▶ **WHAT IS REQUIRED**:
Type out the listing below exactly. Pictures stay out of it.

▶ **PROVIDED MATERIAL**:
'''

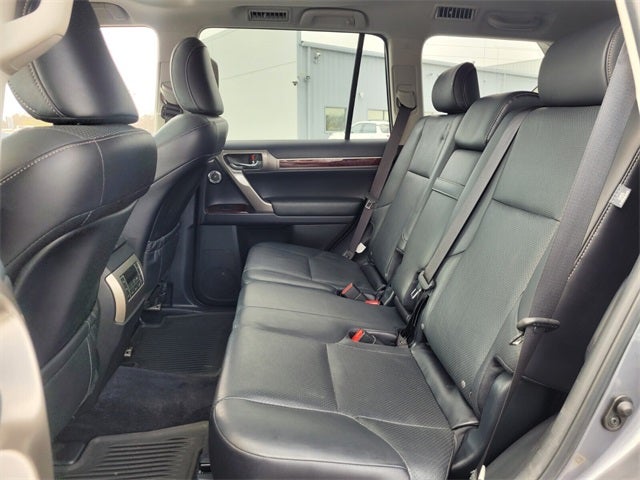 2016 Lexus GX 460 Luxury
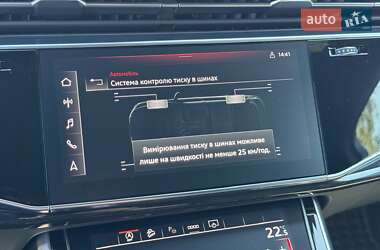 Внедорожник / Кроссовер Audi Q7 2021 в 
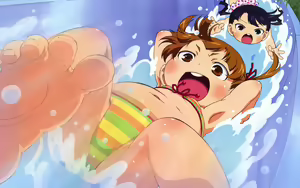 Page 665 of Parody - Mitsudomoe - preview thumbnail
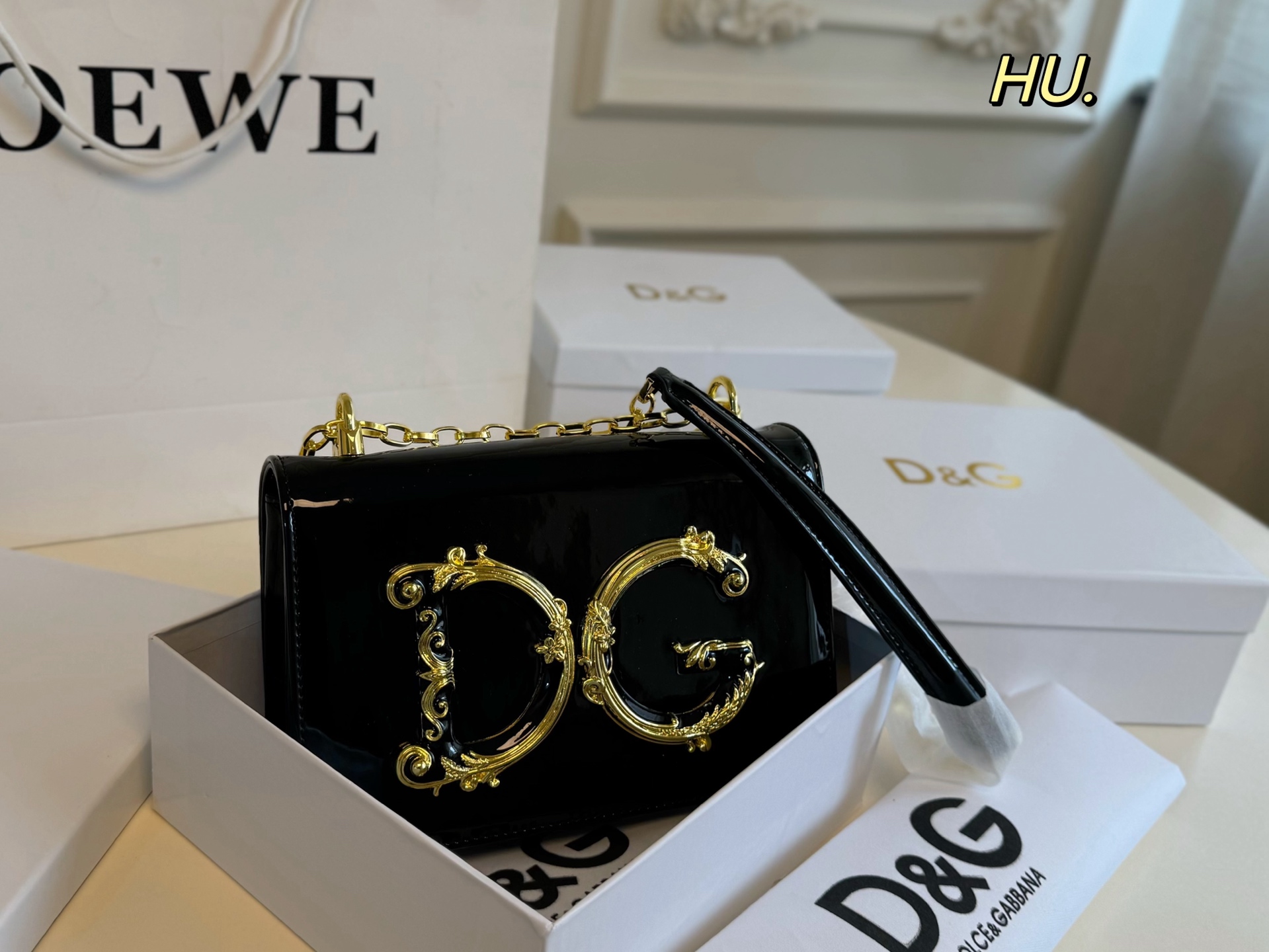 Dolce & Gabbana Mordore Bag - Image 3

'''

▶ **TASK RESPONSE**:
 2016 Lexus GX 460 Luxury
 Внедорожник / Кроссовер Audi Q7 2021 в 
 Page 665 of Parody - Mitsudomoe - preview thumbnail
 Dolce & Gabbana Mordore Bag - Image 3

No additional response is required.